# UTF8-CPP: UTF-8 with C++ in a Portable Way
## Introduction
C++ developers miss an easy and portable way of handling Unicode encoded strings. The original C++ Standard (known as C++98 or C++03) is Unicode agnostic. C++11 provides some support for Unicode on core language and library level: u8, u, and U character and string literals, char16_t and char32_t character types, u16string and u32string library classes, and codecvt support for conversions between Unicode encoding forms. In the meantime, developers use third party libraries like ICU, OS specific capabilities, or simply roll out their own solutions.

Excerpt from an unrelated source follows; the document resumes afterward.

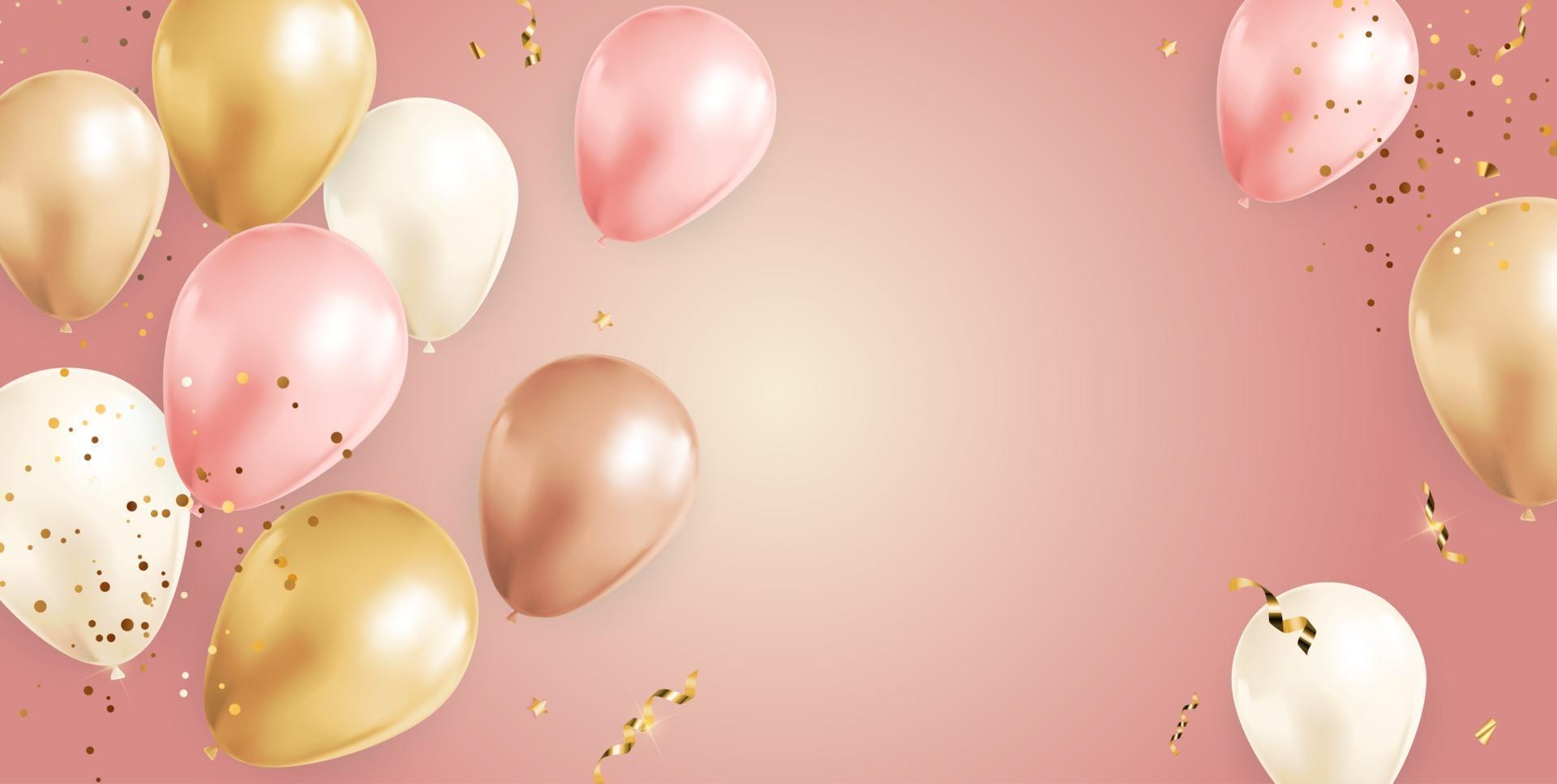 Abstract Background with Realistic Balloons confetti vector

In order to easily handle UTF-8 encoded Unicode strings, I came up with a small, C++98 compatible generic library. For anybody used to work with STL algorithms and iterators, it should be easy and natural to use. The code is freely available for any purpose - check out the [license](./LICENSE). The library has been used a lot in the past ten years both in commercial and open-source projects and is considered feature-complete now. If you run into bugs or performance issues, please let me know and I'll do my best to address them.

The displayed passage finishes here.